On Easter Sunday, Pope Benedict XVI caused a bit of a stir when he insisted in his Easter Vigil homily that humanity is not a random product of evolution. "If man were merely a random product of evolution in some place on the margins of the universe, then his life would make no sense or might even be a chance of nature," the Pope said. "But no, reason is there at the beginning: creative, divine reason." Now, we at The Study were unsurprisingly unable to find scientific studies of evolution at the time of Big Bang. However, though paleoanthropologists can't go back to the beginning of time, they can tell us about human evolution going back millions of years. These discoveries are not just limited to physical evolution: Some of the most interesting concern technology's role in the evolution of humans.

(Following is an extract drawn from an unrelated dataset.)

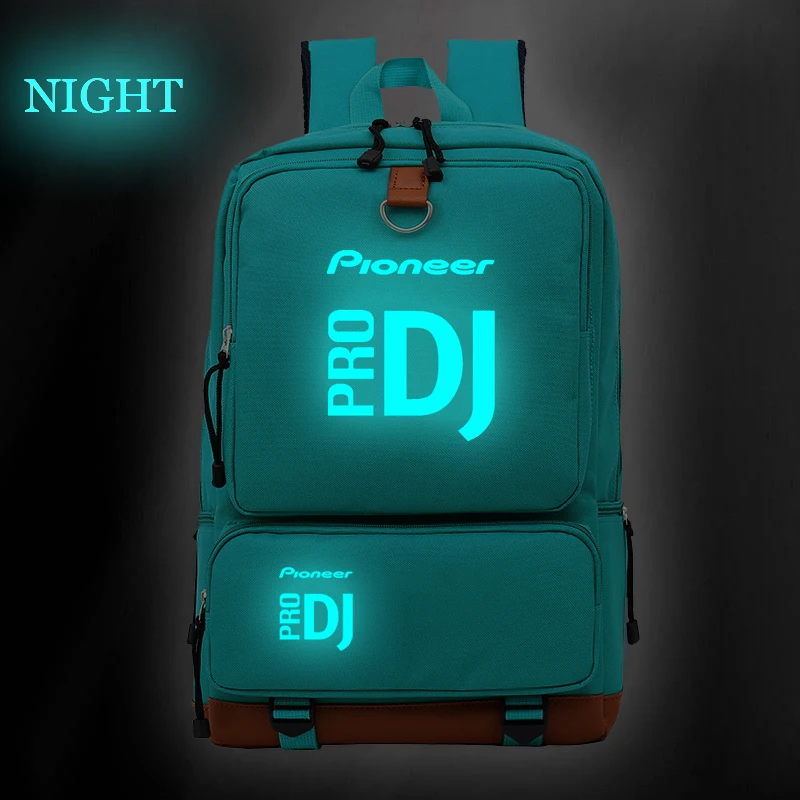 Повседневное Pioneer Pro Dj рюкзак с отражающими вставками для подростков мальчиков и девочек Для мужчин Для женщин рюкзаки большой вместимости, школьные сумки для подростков рюкзак на каждый день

"The earliest direct evidence of hominid technology," writes Stanley Ambrose in an article from the March 2001 issue of Science, "dates to 2.5 Ma in the Ethiopian Rift Valley, comprising sharp-edged slivers and lumps of stone, hammer stones and anvils, and bones with hammer marks and cut marks from butchery and marrow extraction." Around the same time, the first members of the Homo genus (of which humans are the latest evolution) began to appear; because homo's brain was "significantly" larger than contemporary apes and other related animals, Ambrose suggests a "relation between tool use...and intelligence." Technological innovation "accelerated" around 300,000 years ago, as "composite," or multi-part tools began to appear. Ambrose points out that constructing a composite tool would have required complex, multi-sentence speech, and compares the increase in technological complexity of these tools to the difference between primate vocalizations and human speech. Not surprisingly, then, fossil records suggest that homo heidelbergensis, the human ancestor just preceding this technological boom, was the first human ancestor to vocalize. Furthermore, the complexity required may have helped the evolution of the human brain's frontal lobe, which is used in higher mental functions. Ambrose, unfortunately, does not assess the probability of whether Planet of the Apes could ever come true.